Discussion Paper
The 1951 Refugee Convention
and a Crisis of Credibility
In the aftermath of the Second World War, Europe was confronted with a crisis of staggering proportions: 55 million people had been forcibly displaced across the continent. It was recognised that an international legal framework would be necessary to ensure that those who had lost the protection of their own state could find it elsewhere. The result was the 1951 Convention Relating to the Status of Refugees — a landmark achievement that set the rules for how the world manages large numbers of forcibly displaced people, and which continues to form the basis of that system today.
Yet over time, cracks in that initial design have begun to show. The international context has changed beyond all recognition. Refugee numbers are far greater now, driven by protracted conflicts, in greater numbers. The return of great power competition and retreat from multilateralism has undermined the forums through which transnational challenges like refugee flows can be addressed. Our current system has also produced large numbers of people trapped in camps for decades — "forever refugees" with no prospect of return, resettlement, or any other durable solution.
The result is a system under serious strain: inconsistently applied, chronically underfunded, and haemorrhaging the domestic political legitimacy on which any international treaty ultimately depends. This paper traces the origins of the Convention, examines how it has intersected with the refugee crises of the 21st century, and asks a harder question than whether the Convention's principles remain valid — it asks why the system built on those principles commands so little political legitimacy, and what it might take to restore it.

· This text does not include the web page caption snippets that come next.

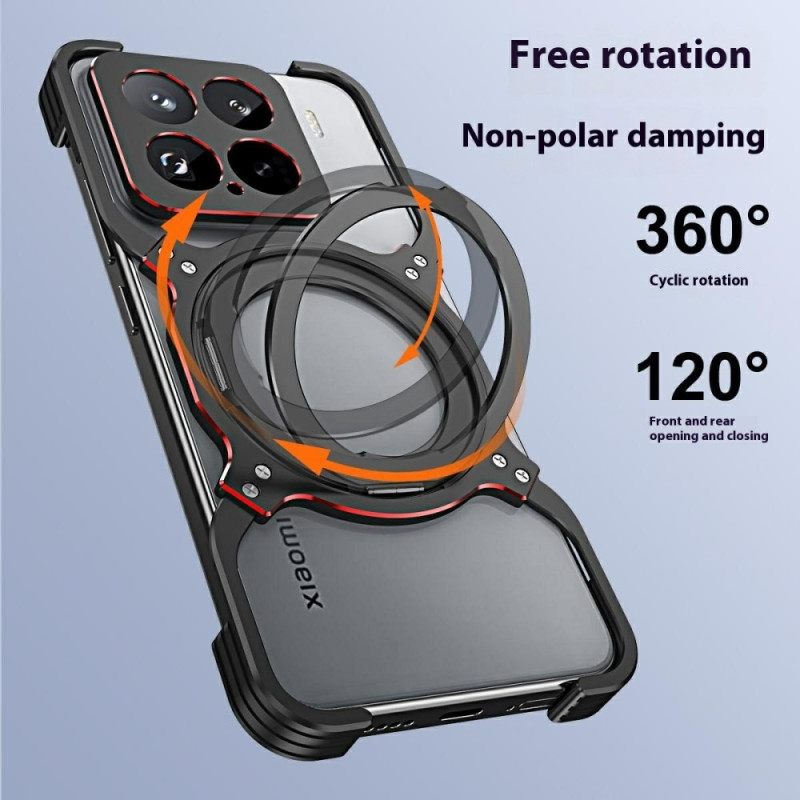 Kuori Xiaomi 15 Metallinen Jalusta Ja Puskuri
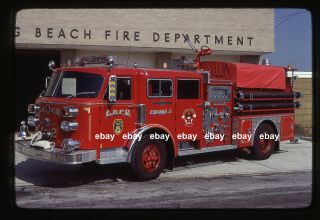Long Beach Ny 1982 American La France Pumper Fire Apparatus Slide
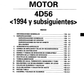 Manual de Servicios Motor Mitsubishi L200- 4D56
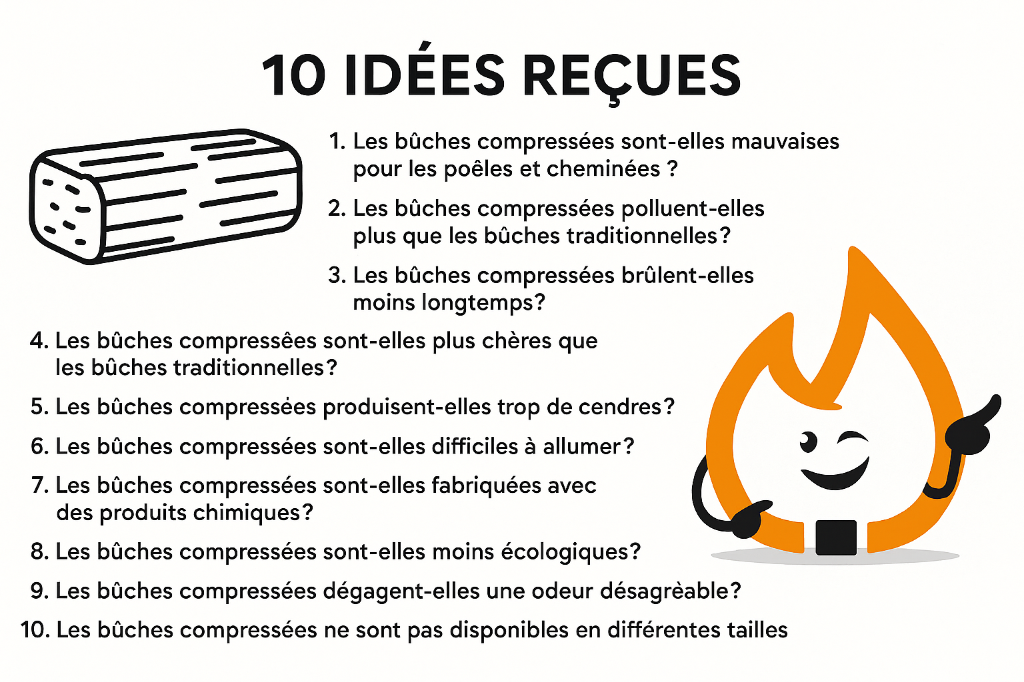 Les 10 Idées Reçues sur les Bûches Compressées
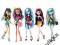 MONSTER HIGH 5 LALEK Wolf Frankie Draculaura PL 24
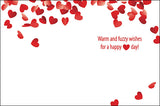 Hearts and Puppies Valentine's Day Card Set-Inside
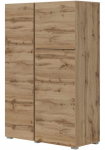 OTTO home Indauja &raquo;Metric plotis 92cm moderne grifflose pailga komoda 3 T&uuml;renHighboard&laquo; auk&scaron;ta pastatoma spintelė su viel daiktadėžė lentyna kočėlas T&uuml;rkommode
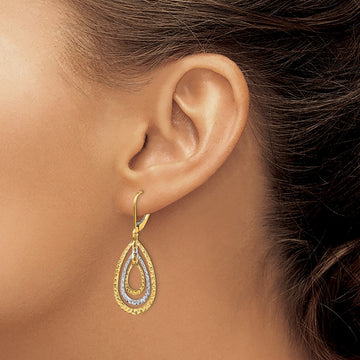 Diamond Cut Leverback Earrings — photo set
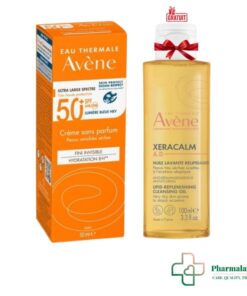 AVENE CREME SOLAIRE TRES HAUTE PROTECTION SPF50+ 50ML+XERACALM HUILE LAVANTE RELIPIDANTE 100ML (OFFERT)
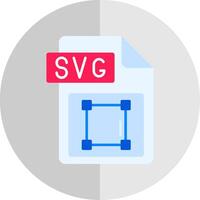 SVG Arquivo formato plano escala ícone vetor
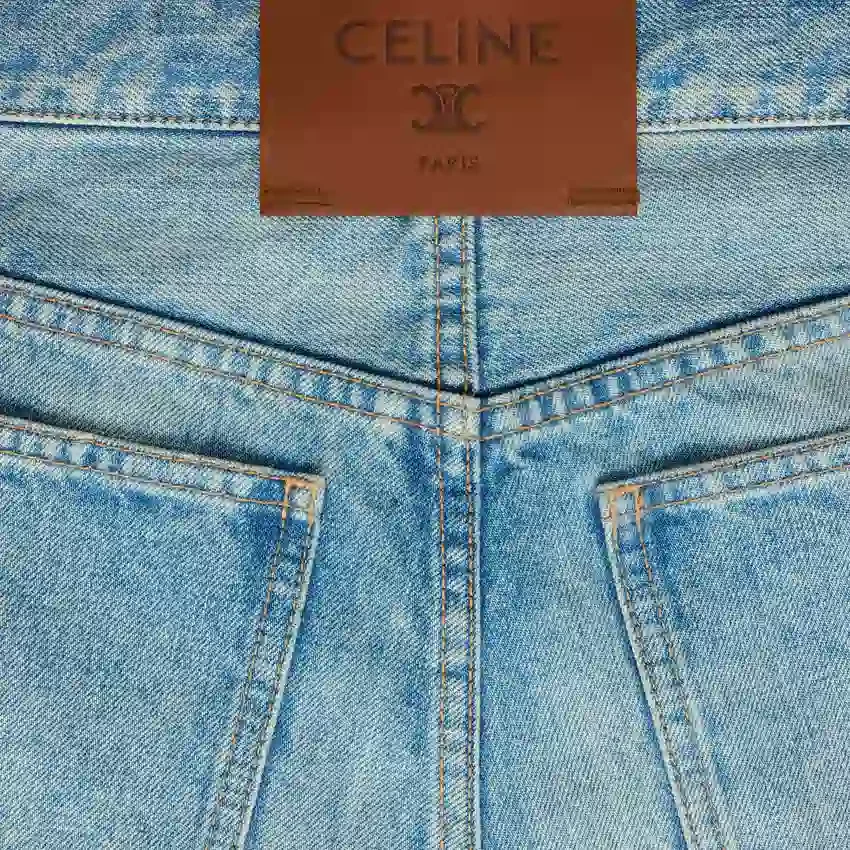 Shorts 001 i bomullsdenim - Bild 4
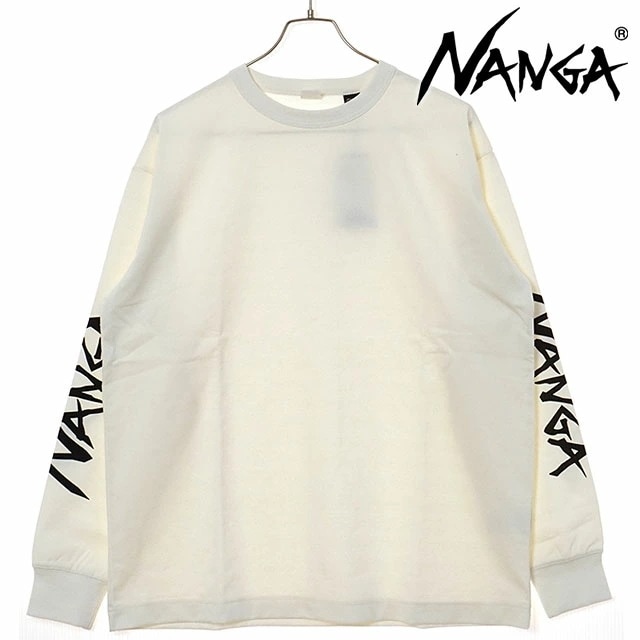 エコハイブリッド スリーブロゴ ロングスリーブTシャツ [N2500-1L030A] メンズ トップス カットソー 長袖 アウトドア WHT 正規取扱店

The paper identifies five overlapping challenges confronting the Convention:
An outdated definition of who counts as a refugee: Those fleeing conflict have been allowed to claim asylum, despite not being specifically targeted under Article 1’s definition. Others claim that displacement caused by climate change challenges the constraints of Article 1. Though not anticipated by the drafters at the time, climate change has created enormous pressure on the current refugee protection system, and may ultimately create an entirely new category of refugee altogether. Though current trends indicate that those displaced by climate shocks tend to be internally displaced rather than refugees, this may change in the future, and will undoubtedly require further international attention in the coming decades.
The Convention was made for a specific time and a specific place: Shaped by Cold War dynamics, some argue the Convention remains too Eurocentric to be fully applicable to today’s refugee crises which by-and-large are located outside of Europe. The definition in Article 1 reflects the mentality of the time, and many states, especially in South East Asia, point to this Eurocentricity as a reason for non-accession.

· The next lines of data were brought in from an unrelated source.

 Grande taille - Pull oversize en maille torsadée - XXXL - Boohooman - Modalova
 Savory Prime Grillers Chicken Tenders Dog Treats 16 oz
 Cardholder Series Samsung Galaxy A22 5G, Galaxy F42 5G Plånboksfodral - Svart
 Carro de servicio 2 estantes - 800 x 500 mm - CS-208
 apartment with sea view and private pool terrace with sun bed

The absence of a structured burden-sharing mechanism: While some of the Convention's general "silences" have allowed for flexible, ad-hoc regional agreements, ultimately it fails to mandate collective burden-sharing. Because there are no rules governing which states receive refugees and in what numbers, the international system has to come up with new ideas every time, often falling short of what is required.

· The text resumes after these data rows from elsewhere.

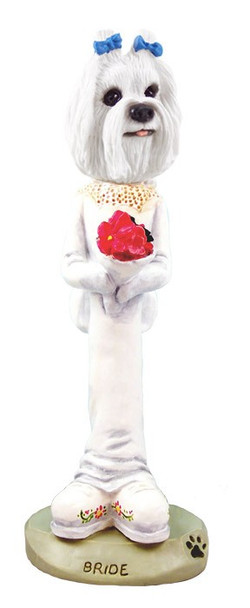 Maltese Bride Doogie Collectible Dog Figurine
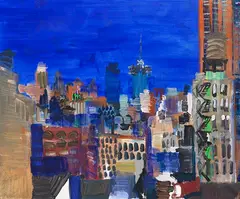 Rainer Fetting, Chelsea Abstraction, 2005, Acrylic on canvas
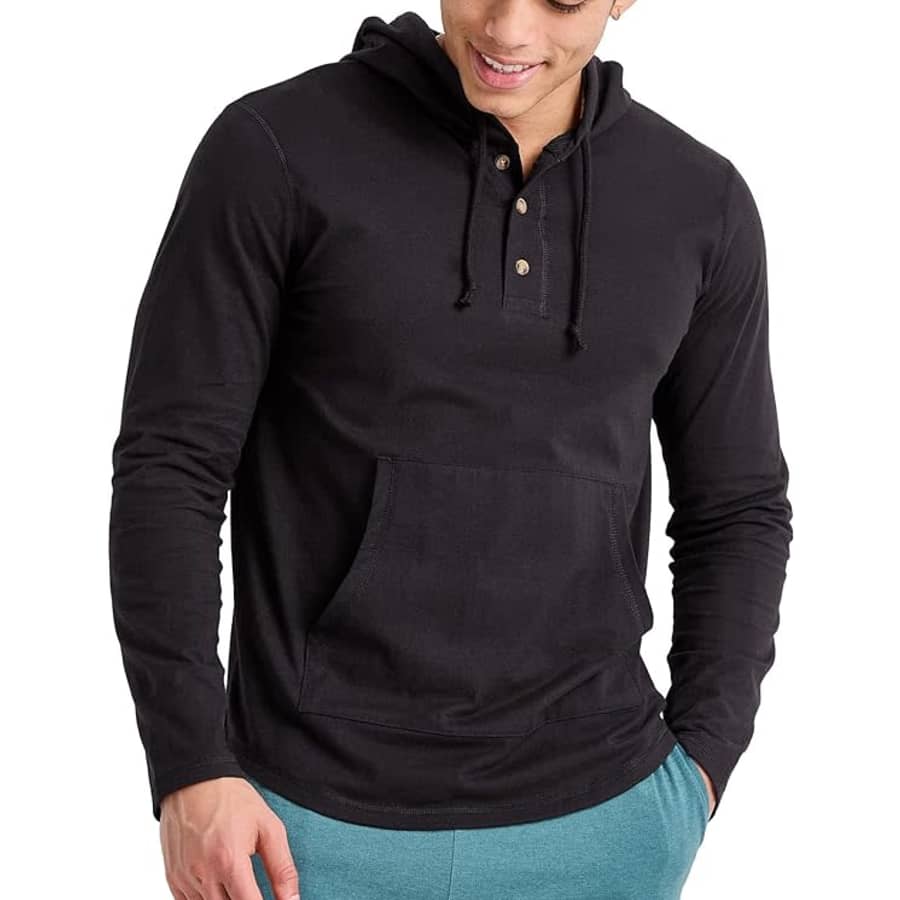 Hanes Men's Originals Tri-Blend Jersey Hoodie for $10 Hanes Men's Originals Tri-Blend Jersey Hoodie for $10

No clear definition of a “safe” country? The Convention remains silent on the criteria needed to define a "safe" intermediary country. An enduring, unresolved debate around Article 31 therefore remains regarding whether refugees transiting through multiple countries are "coming directly" from a threat or are "country shopping" for better conditions. This is critical to the Convention’s political legitimacy.
The inability to deal with “forever refugees” The architecture was originally built to handle the short-term, temporary transit of Europeans following WWII. Today, this outdated approach has contributed to a system of "forever" refugees who are trapped in camps for decades without autonomy or sustainable solutions, presenting a large burden on host states.
What next?
These failures are not isolated; they are mutually reinforcing, and they have eroded the political legitimacy on which any international treaty actually depends. A Convention that cannot provide sustainable solutions to refugee protection in a manner which can sustain contact with today’s political realities will eventually no longer be taken seriously. However, the window of opportunity to make the necessary updates is closing quickly; the collapse of the system will follow a familiar pattern: very slowly, then all at once. The credibility of the international refugee protection system is at a historic low, and without an update, what is currently a slow-burning erosion of legitimacy will fall into a crisis of credibility.
The questions raised by this paper have too rarely been asked with the rigour and political realism they demand. The Coalition for Global Prosperity's new programme of work seeks to address this, led by the Rt Hon Alex Chalk KC, former Lord Chancellor and Justice Secretary. Over the coming months, we will examine the case for reform of the 1951 Convention and its surrounding architecture, drawing on the legal, historical, and political analysis set out above, and on the regional and supplementary instruments that have already begun to fill its gaps. This will not be a narrowly legal exercise: as this paper has argued, the deficiencies in today's refugee protection regime are as much about political legitimacy and domestic consent as they are about treaty text. That means remaining anchored in political and geopolitical reality, including the recognition that formally re-opening the Convention text may create more problems than it solves, requiring us to cast the net wide on solutions. We seek to answer a single question: to meet this moment what should the international architecture for refugee management look like in the twenty-first century?